TASK ITEM: Set down each record that follows exactly. Drop the images.

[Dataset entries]
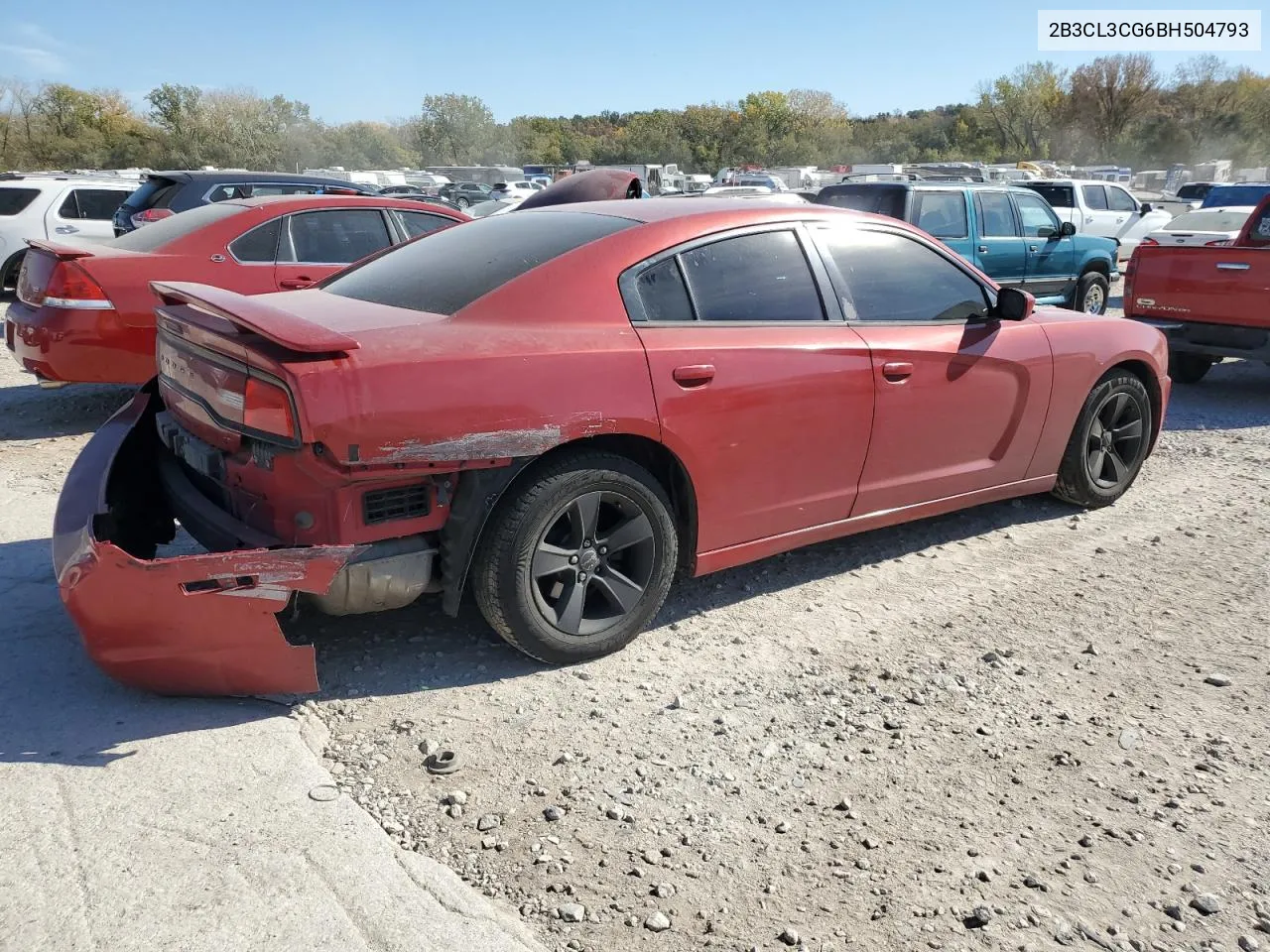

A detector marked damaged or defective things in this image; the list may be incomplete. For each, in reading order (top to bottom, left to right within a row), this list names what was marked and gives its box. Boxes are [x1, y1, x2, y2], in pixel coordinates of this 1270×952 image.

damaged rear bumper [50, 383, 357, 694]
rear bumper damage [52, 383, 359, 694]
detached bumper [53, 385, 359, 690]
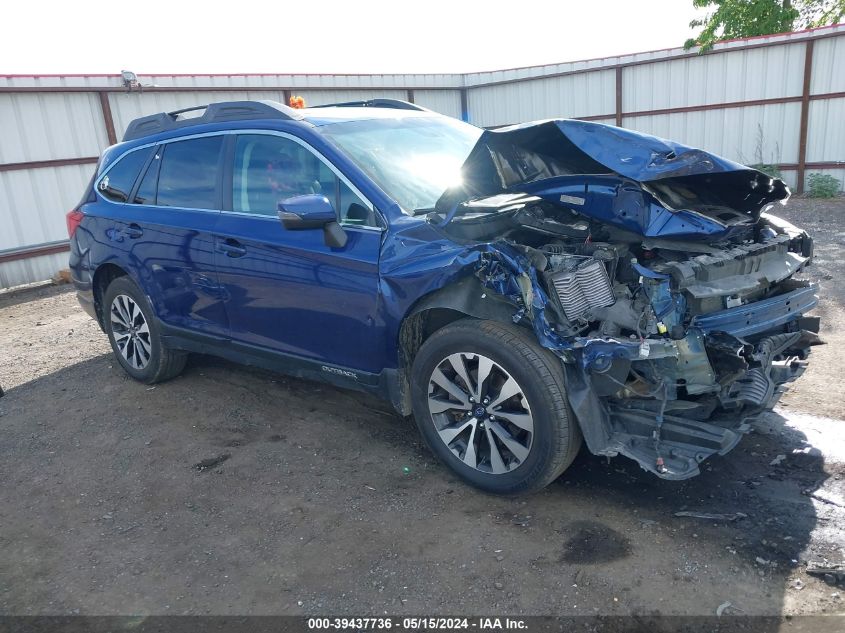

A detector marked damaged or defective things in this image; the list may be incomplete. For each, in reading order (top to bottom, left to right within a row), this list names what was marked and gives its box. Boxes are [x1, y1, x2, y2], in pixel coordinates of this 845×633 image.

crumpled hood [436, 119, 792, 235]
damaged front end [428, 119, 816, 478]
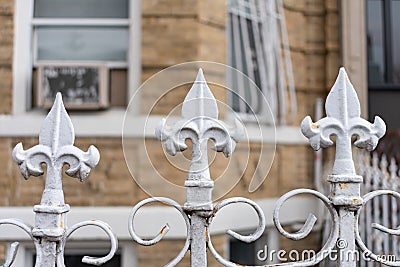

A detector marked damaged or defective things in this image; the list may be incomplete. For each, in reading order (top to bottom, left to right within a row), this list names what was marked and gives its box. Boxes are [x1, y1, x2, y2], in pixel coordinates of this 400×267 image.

OUTPUT OF THE TASK:
A detector marked damaged or defective things in this image; the list may be incomplete. For each, in reading order (top to bottom, left to right within a row), this list names what was marked and gives its box. Boxes are [x1, y1, x2, y2], in pixel coordinates of this 1270×952 image.

damaged rear bumper [50, 383, 357, 694]
rear bumper damage [52, 383, 359, 694]
detached bumper [53, 385, 359, 690]

A detector marked damaged or defective things in this image; the list may be incomplete. For each, in reading order (top to bottom, left to right within a row), this list names what was marked and gives its box. Boxes are [x1, y1, x2, y2], in pixel coordinates of this 845×633 image.

crumpled hood [436, 119, 792, 235]
damaged front end [428, 119, 816, 478]

A detector marked damaged or defective things in this image; the list may be incomplete. For each, in reading order (top to bottom, left to right within a row), this list names what was marked and gives its box. Boxes are [x1, y1, x2, y2], in pixel coordinates of this 400×267 image.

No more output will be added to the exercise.